This situation is why network management is described as debugging
a huge, complex distributed program. Network monitoring forms the
basis for troubleshooting in this environment. Both proactive and reactive
network monitoring is needed to quickly identify problems and their
root causes and to increase management staff productivity. But because
of the complexity of the problem, a divide-and-conquer strategy
is often employed to troubleshoot network service problems.
3.2. OSS Monitoring Scenario: Control and Management of A/V Streams within a Single AN
- Problem
User U has recently started to complain about poor video quality and
is blaming it on the network.
- Solution
We take a divide-and-conquer approach to troubleshooting the problem.
First, we determine if the problem is truly a network problem.
Second, if the problem is with the network, we determine the width of
the problem; i.e., how many potential users will be affected.
For example, congestion will affect all traffic crossing a congestion
point. Third, if the problem is isolated to only user U, we try to
pinpoint the source of the problem along the QoS route.

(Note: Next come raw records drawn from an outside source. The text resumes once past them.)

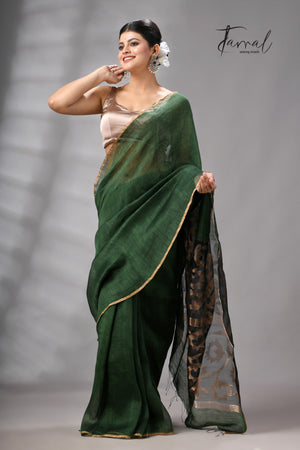 Bottle Green Silk Linen Jamdani Saree With Sunflower Motifs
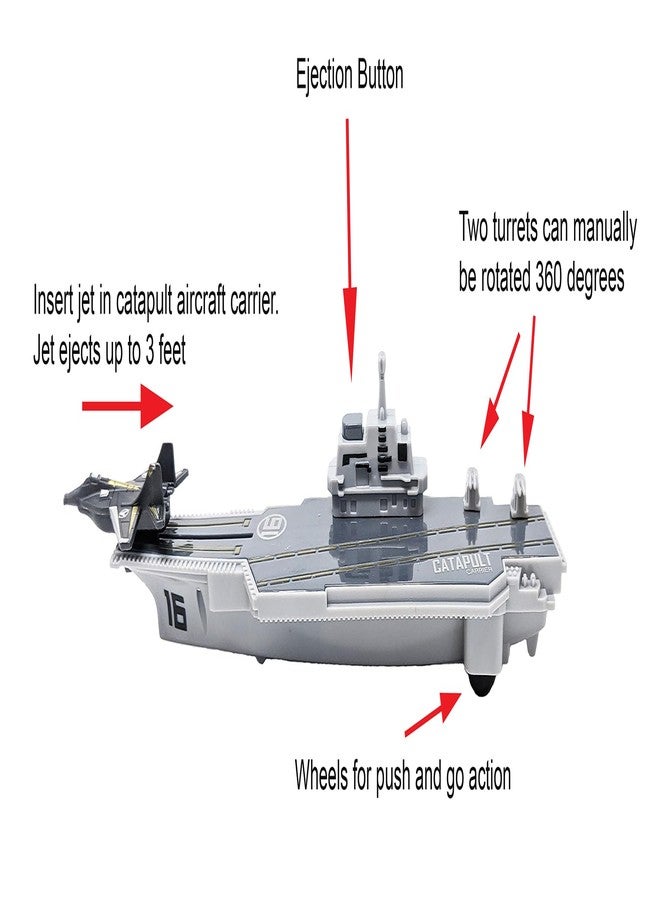 Toy Essentials Large Aircraft Carrier Toy Small Catapult Aircraft Carrier Combo with Fighter Jets and 12 Military Vehicles - Image 4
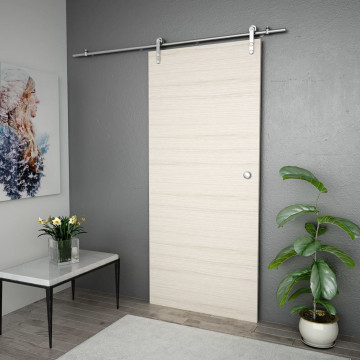 Set piese pentru ușă glisantă, argintiu, 183 cm oțel inoxidabil - Img 3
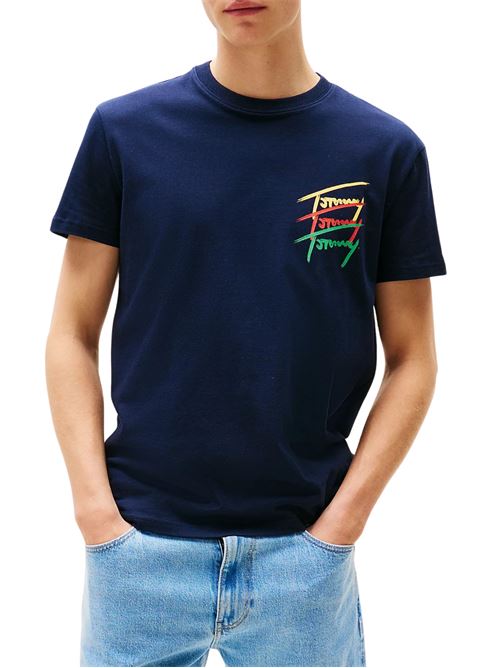T-shirt uomo blu in cotone Tommy Jeans | T-shirt | DM0DM20771C1G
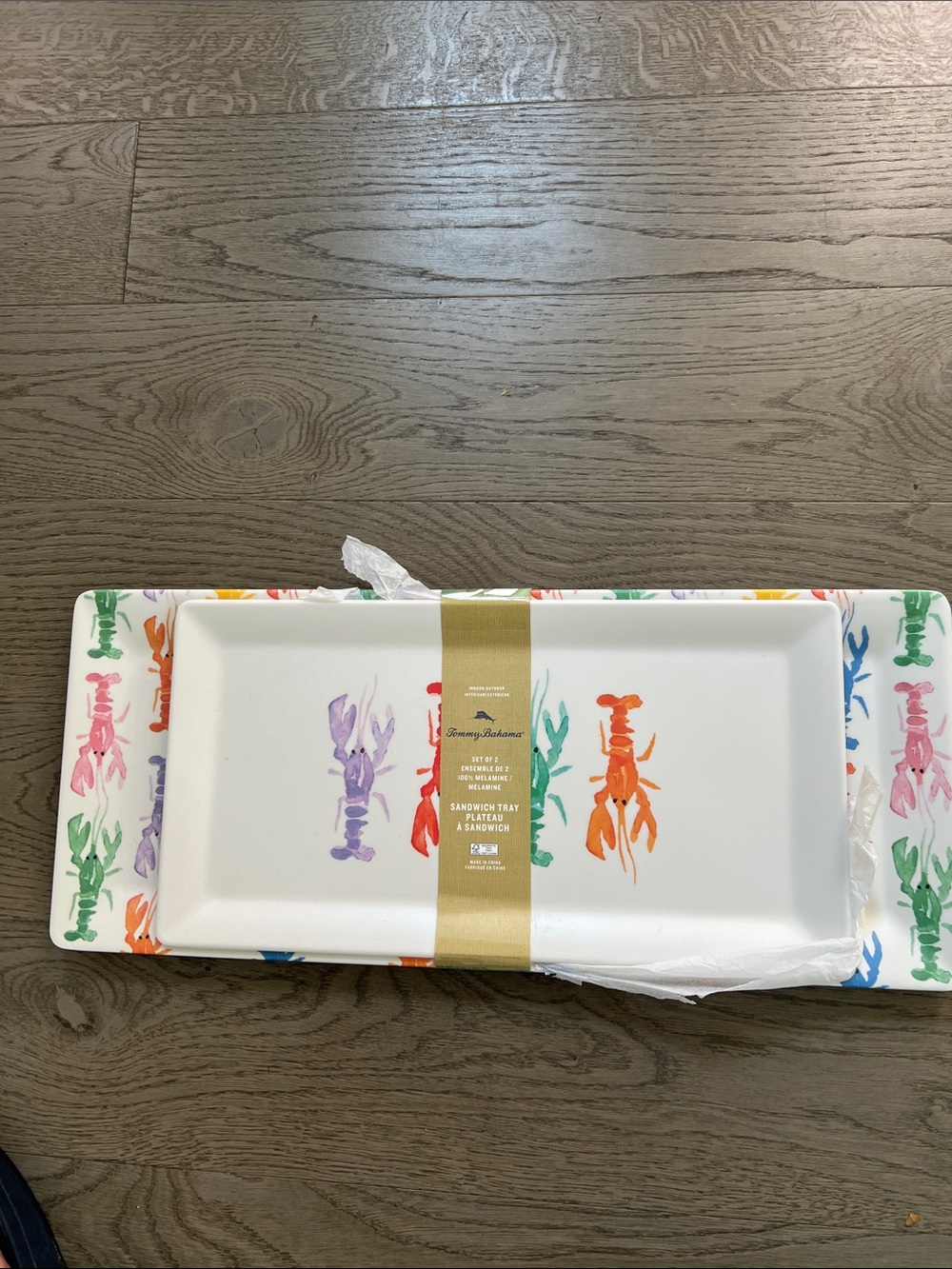 NWT Set of 2 Tommy Bahama Lobster/Crawfish Melamine Serving Trays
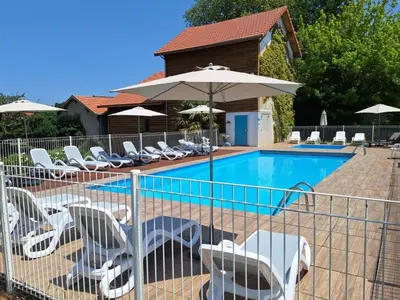 Piscine de l'établissement Gîte confortable avec terrasse à Saint-Julien-en-Born - API-1-52-527 ou située à proximité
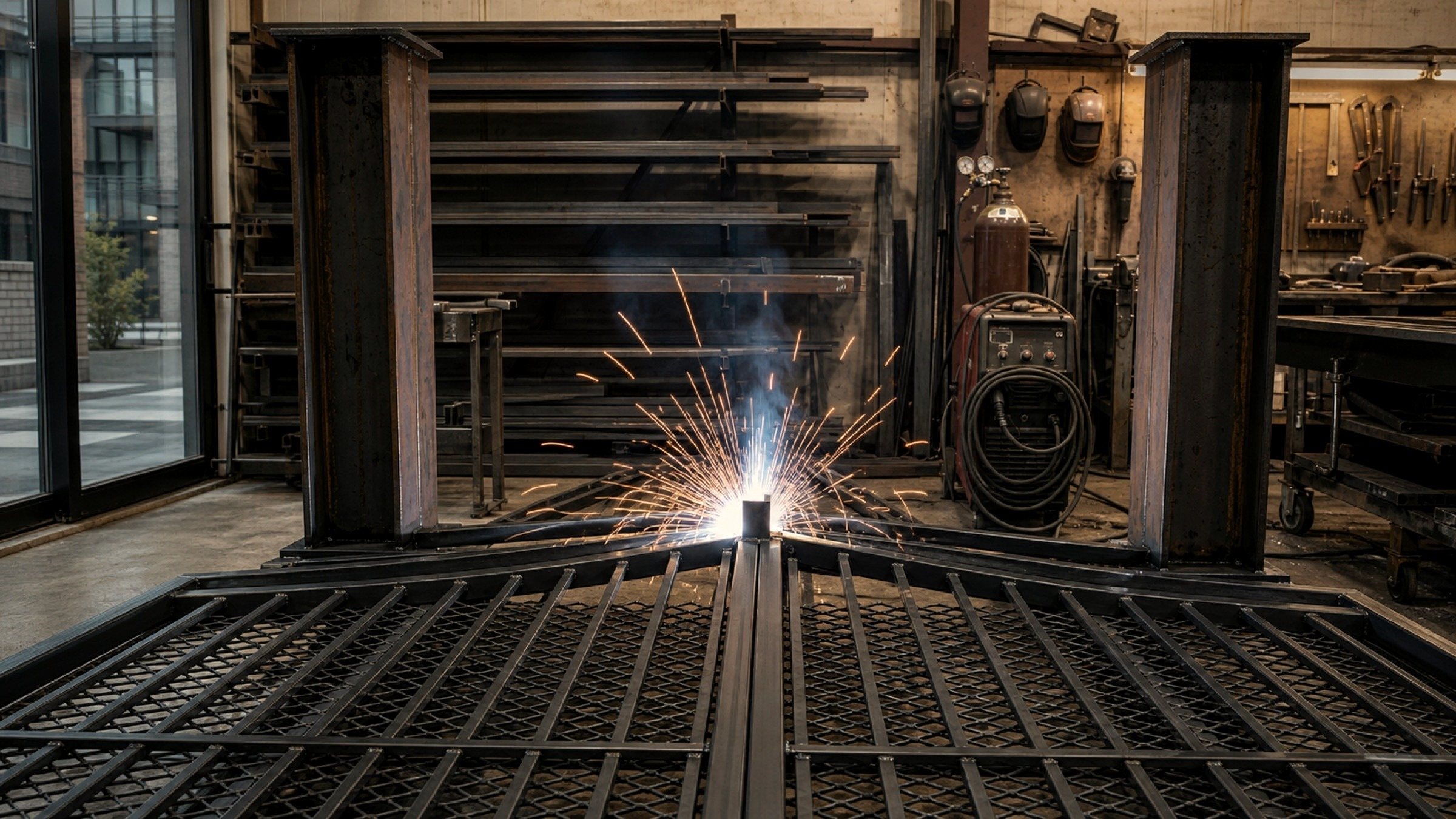 Every gate starts as steel stock and a welding bench, not a catalogue part.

Some of the information that we need to assess network health in
general include:
- Input/output link status (up/down?)
- Input/output switch port status (up/dow?n)
- Output queue size and change (stable/growing?)
- VC table entries (correct connection?)
- Switching fabric packet loss
- Output port packet loss due to buffer overflow
- Long term throughput
- Short term throughput
Some of this information may be available from switch registers.
Others such as throughput must be derived by sampling switch
registers (e.g., VC connection, packet loss) or monitoring the
traffic itself (e.g., link status, throughput).
- Discussion
You might think that there is indeed a network problem since you would
expect that the user would have a feel for the effective bandwidth of
the connection. But this may not be the case, and only periodic
monitoring would give you hard numbers. But typically, permanently
installed probes collect aggregate (not per flow) statistics.
Furthermore, we can not over emphasize that the complexity of of the
advanced hardware and software (network and endsystems) and their
interactions can lead to service delivery problems.
Embedded probes record primitive data (e.g., counts) on flow
aggregates. Permanent network probes log additional statistics for
flow aggregates on an ongoing basis to provide a historical
perspective on network usage. The data will be dispersed by agents
residing on the probes and switch controllers using TAO to data
consumers such as the NOC and the traffic history archiver. At the
NOC, a DOVE agent collects incoming data and displays it as strip
charts showing short term (e.g., 15 minute) bandwidth usage
as a whole and usage for the top 5 categories (e.g., special
VCIs or protocols). Note that if details at the IP layer or higher
are to be shown, there must be probes that extract this information.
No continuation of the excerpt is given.